## Problem description
Repeat exactly, and only, the lines of the entries below from the one with "Don't leave your" through the one with "Here we are", both ends included.

## Data supplied
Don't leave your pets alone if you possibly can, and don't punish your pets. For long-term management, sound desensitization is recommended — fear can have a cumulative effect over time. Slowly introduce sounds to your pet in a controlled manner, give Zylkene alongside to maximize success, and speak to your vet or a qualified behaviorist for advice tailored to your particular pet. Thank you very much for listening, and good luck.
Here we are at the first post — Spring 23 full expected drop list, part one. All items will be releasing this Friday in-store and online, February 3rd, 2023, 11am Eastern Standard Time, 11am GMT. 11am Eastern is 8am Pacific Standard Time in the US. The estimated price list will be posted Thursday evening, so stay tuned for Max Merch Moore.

---

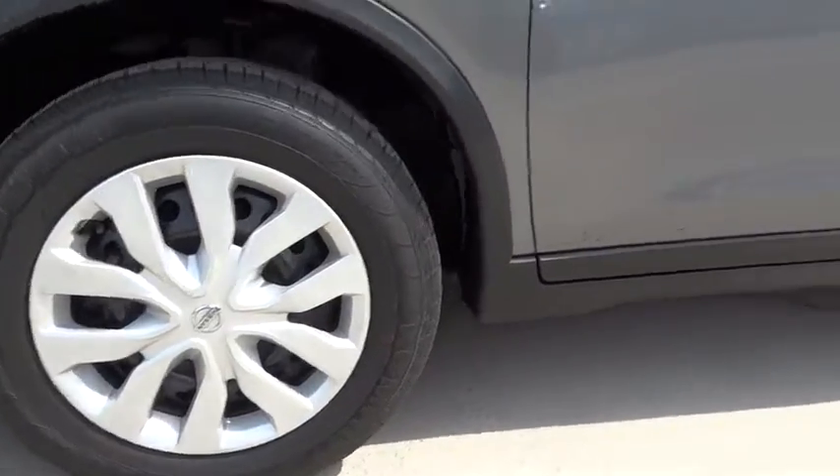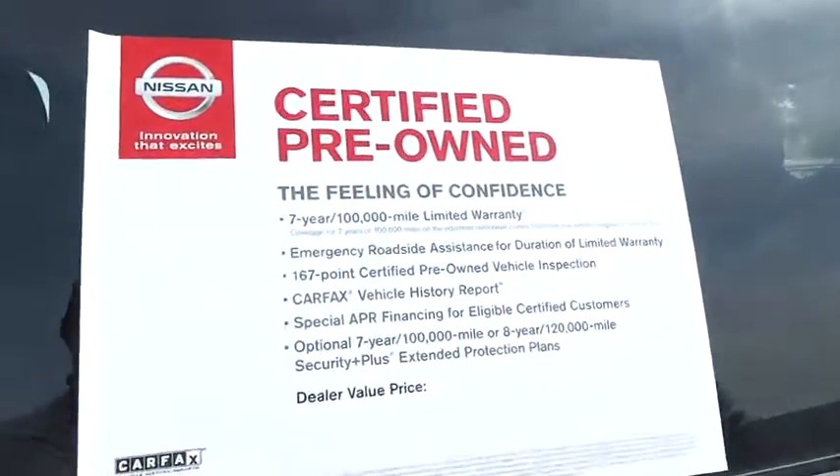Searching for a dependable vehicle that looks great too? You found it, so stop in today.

## Solution for this exercise
Don't leave your pets alone if you possibly can, and don't punish your pets. For long-term management, sound desensitization is recommended — fear can have a cumulative effect over time. Slowly introduce sounds to your pet in a controlled manner, give Zylkene alongside to maximize success, and speak to your vet or a qualified behaviorist for advice tailored to your particular pet. Thank you very much for listening, and good luck.
Here we are at the first post — Spring 23 full expected drop list, part one. All items will be releasing this Friday in-store and online, February 3rd, 2023, 11am Eastern Standard Time, 11am GMT. 11am Eastern is 8am Pacific Standard Time in the US. The estimated price list will be posted Thursday evening, so stay tuned for Max Merch Moore.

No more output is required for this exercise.